### [What you have to do]
Below are entries. Give back exactly the lines from the one containing "How can we install" through the one containing "Do make sure, as", inclusive, without the pictures.

### [Provided data]

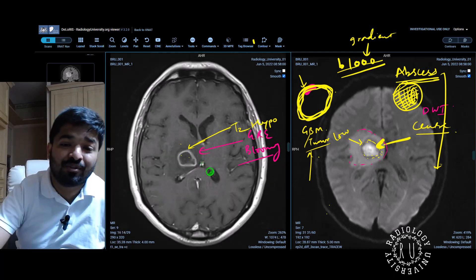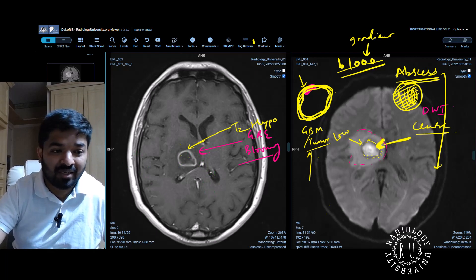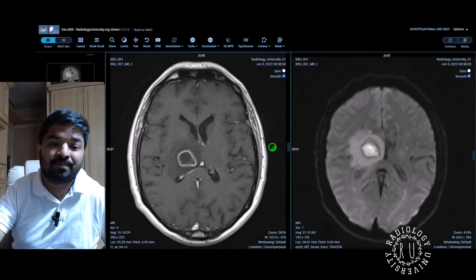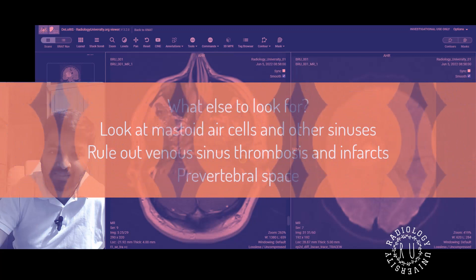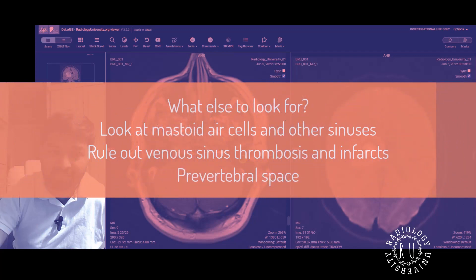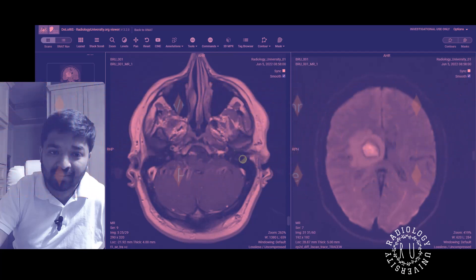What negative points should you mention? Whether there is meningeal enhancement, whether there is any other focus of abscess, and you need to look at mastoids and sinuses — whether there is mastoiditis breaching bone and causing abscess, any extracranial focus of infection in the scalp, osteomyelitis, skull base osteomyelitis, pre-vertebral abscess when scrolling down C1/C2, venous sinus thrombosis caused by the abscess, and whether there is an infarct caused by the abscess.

==

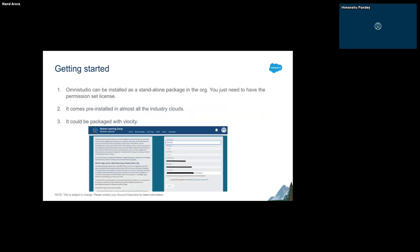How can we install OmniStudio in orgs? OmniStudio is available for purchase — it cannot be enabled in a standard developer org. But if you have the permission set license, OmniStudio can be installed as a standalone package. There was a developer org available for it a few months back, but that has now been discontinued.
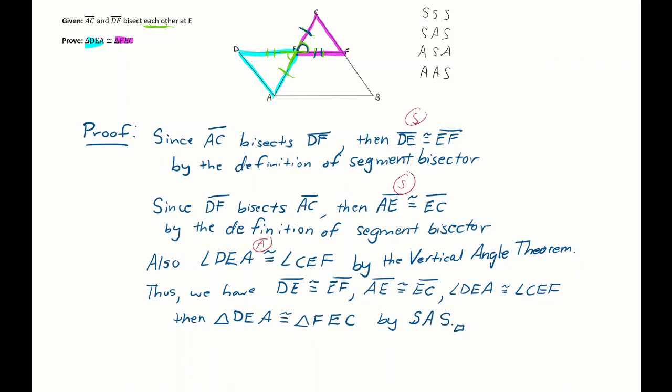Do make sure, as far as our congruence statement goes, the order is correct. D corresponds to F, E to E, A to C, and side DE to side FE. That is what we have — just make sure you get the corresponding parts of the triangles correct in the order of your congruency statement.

### [Output for this exercise]
How can we install OmniStudio in orgs? OmniStudio is available for purchase — it cannot be enabled in a standard developer org. But if you have the permission set license, OmniStudio can be installed as a standalone package. There was a developer org available for it a few months back, but that has now been discontinued.
Do make sure, as far as our congruence statement goes, the order is correct. D corresponds to F, E to E, A to C, and side DE to side FE. That is what we have — just make sure you get the corresponding parts of the triangles correct in the order of your congruency statement.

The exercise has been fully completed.